On most compilers the maximum value of an unsigned short is 65535.

Any value above that gets wrapped around, so 65536 becomes 0, and 65600 becomes 65.

This means that long strings of the right length (e.g. 65600) will pass the check, and overflow the buffer.


Use size_t to store the result of strlen(), not unsigned short, and compare len to an expression that directly encodes the size of buffer. So for example:

char buffer[100];
size_t len = strlen(str);
if (len >= sizeof(buffer) / sizeof(buffer[0]))  return -1;
memcpy(buffer, str, len + 1);

The problem is here:

strncpy(buffer,str,strlen(str));
                   ^^^^^^^^^^^

If the string is greater than the length of the target buffer, strncpy will still copy it over. You are basing the number of characters of the string as the number to copy instead of the size of the buffer. The correct way to do this is as follows:

strncpy(buffer,str, sizeof(buff) - 1);
buffer[sizeof(buff) - 1] = '\0';

What this does is limit the amount of data copied to the actual size of the buffer minus one for the null terminating character. Then we set the last byte in the buffer to the null character as an added safeguard. The reason for this is because strncpy will copy upto n bytes, including the terminating null, if strlen(str) < len - 1. If not, then the null is not copied and you have a crash scenario because now your buffer has a unterminated string.

Hope this helps.

EDIT: Upon further examination and input from others, a possible coding for the function follows:

int func (char *str)
  {
    char buffer[100];
    unsigned short size = sizeof(buffer);
    unsigned short len = strlen(str);

    if (len > size - 1) return(-1);
    memcpy(buffer, str, len + 1);
    buffer[size - 1] = '\0';
    return(0);
  }

Since we already know the length of the string, we can use memcpy to copy the string from the location that is referenced by str into the buffer. Note that per the manual page for strlen(3) (on a FreeBSD 9.3 system), the following is stated:

 The strlen() function returns the number of characters that precede the
 terminating NUL character.  The strnlen() function returns either the
 same result as strlen() or maxlen, whichever is smaller.
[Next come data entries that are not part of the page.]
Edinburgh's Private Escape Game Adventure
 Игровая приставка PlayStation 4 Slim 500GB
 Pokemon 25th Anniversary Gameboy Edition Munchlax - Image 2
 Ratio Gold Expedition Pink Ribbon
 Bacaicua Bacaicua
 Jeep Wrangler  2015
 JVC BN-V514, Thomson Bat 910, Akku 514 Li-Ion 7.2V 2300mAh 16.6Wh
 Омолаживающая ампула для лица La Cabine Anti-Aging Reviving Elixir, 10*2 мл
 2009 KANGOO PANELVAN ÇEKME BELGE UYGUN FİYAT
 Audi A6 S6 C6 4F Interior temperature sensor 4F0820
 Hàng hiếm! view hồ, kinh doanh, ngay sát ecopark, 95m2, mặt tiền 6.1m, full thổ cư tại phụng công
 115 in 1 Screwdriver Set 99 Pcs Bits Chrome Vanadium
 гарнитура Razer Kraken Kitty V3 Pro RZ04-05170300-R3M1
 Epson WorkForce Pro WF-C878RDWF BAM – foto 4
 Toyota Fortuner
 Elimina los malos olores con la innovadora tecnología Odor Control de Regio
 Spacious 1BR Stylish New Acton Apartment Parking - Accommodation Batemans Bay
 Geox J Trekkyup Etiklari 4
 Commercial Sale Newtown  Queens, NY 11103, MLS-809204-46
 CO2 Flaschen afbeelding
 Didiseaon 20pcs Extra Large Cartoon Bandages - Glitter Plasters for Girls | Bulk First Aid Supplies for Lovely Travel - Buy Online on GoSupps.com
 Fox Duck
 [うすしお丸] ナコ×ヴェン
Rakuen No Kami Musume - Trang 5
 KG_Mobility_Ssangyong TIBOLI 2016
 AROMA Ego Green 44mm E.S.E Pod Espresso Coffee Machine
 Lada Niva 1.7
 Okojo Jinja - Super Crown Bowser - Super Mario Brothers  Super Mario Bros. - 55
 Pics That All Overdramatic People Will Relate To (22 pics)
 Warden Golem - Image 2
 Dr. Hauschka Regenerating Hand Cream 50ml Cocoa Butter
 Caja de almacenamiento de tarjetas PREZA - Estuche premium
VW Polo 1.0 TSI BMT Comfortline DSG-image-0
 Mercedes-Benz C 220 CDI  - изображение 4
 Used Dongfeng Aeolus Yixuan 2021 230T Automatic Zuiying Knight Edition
Which I interpret to be that the length of the string does not include the null. That is why I copy len + 1 bytes to include the null, and the test checks to make sure that the length < size of buffer - 2. Minus one because the buffer starts at position 0, and minus another one to make sure there's room for the null.

EDIT: Turns out, the size of something starts with 1 while access starts with 0, so the -2 before was incorrect because it would return an error for anything > 98 bytes but it should be > 99 bytes.

EDIT: Although the answer about a unsigned short is generally correct as the maximum length that can be represented is 65,535 characters, it doesn't really matter because if the string is longer than that, the value will wrap around. It's like taking 75,231 (which is 0x000125DF) and masking off the top 16 bits giving you 9695 (0x000025DF). The only problem that I see with this is the first 100 chars past 65,535 as the length check will allow the copy, but it will only copy up to the first 100 characters of the string in all cases and null terminate the string. So even with the wraparound issue, the buffer still will not be overflowed.

This may or may not in itself pose a security risk depending on the content of the string and what you are using it for. If it's just straight text that is human readable, then there is generally no problem. You just get a truncated string. However, if it's something like a URL or even a SQL command sequence, you could have a problem.